Forum Moderators: bakedjake

Message Too Old, No Replies

Gigablast spellchecker

         

heini

9:18 am on Nov 19, 2003 (gmt 0)

WebmasterWorld Senior Member 10+ Year Member



I believe we haven't covered it yet: Gigablast has introduced a spellchecker [gigablast.com] feature for English language queries, seems to be working fairly well.

richardb

7:21 pm on Nov 19, 2003 (gmt 0)

10+ Year Member



Yeap

+

cache facility

"Gigablast uses its cached web pages to generate its dictionary instead of the query logs. When a word or phrase is not found in the the dictionary, Gigablast replaces it with the closest match in the dictionary. If multiple words or phrases are equally close, then Gigablast resorts to a popularity ranking."

And

additional file type indexing

"... PostScript (.ps) , PowerPoint (.ppt), Excel SpreadSheet (.xls) and Microsoft Word (.doc) support in addition to the PDF support. Woo- hoo."

Building up quite a list

Rich

jeremy goodrich

8:40 pm on Nov 19, 2003 (gmt 0)

WebmasterWorld Senior Member 10+ Year Member



If there is any engine in the "second teir" that is gearing up for serious prime time, it's Gigablast :)

Nice new feature!

takagi

4:50 am on Nov 22, 2003 (gmt 0)

WebmasterWorld Senior Member 10+ Year Member



I agree with that jeremy_goodrich.

I am planning on purchasing the hardware required for achieving a 5 billion document index within the next 12 months.
source: Matt Wells [gigablast.com]

March last year he wrote:

my current setup only goes to about 200-250 million
Message 39 in the thread GigaBlast Part 3 [webmasterworld.com]

brotherhood of LAN

10:54 am on Nov 22, 2003 (gmt 0)

WebmasterWorld Senior Member 10+ Year Member Top Contributors Of The Month



I was reading a PDF the other night about typo detection/correction, ,struggling to find the URL but it was was very useful, will try to re-find it. ;)

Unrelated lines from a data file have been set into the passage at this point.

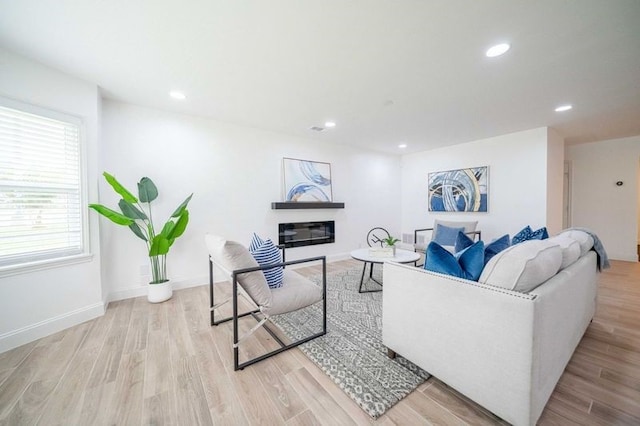4944 Vega Ct W, Fort Worth, TX 76133 - living room featuring light wood-style floors, recessed lighting, a glass covered fireplace, and baseboards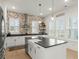 Modern kitchen with white cabinetry, stainless steel appliances, a large island, and rustic brick accents at 115 Winding Branch Dr, Summerville, SC 29486
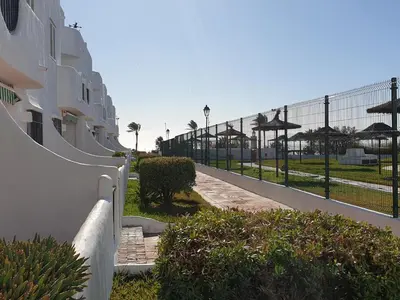 a fence next to a walkway next to a building at Pinar de Don Jesus Aries in Novo Sancti Petri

It mapped each letter to its most likely typo error, and whether the typo was a substitution/deletion/insertion of letters. - i.e. some letters are used in mis-spelled words more often than others and they usually follow a pattern. Will have to re-look that one up.....

I suppose "cracking" a spelling algo is just as worthy as cracking an SE algo, ala typo domains, mis-spelled words etc......

wonders if reverse engineering a spelling algo is worth it...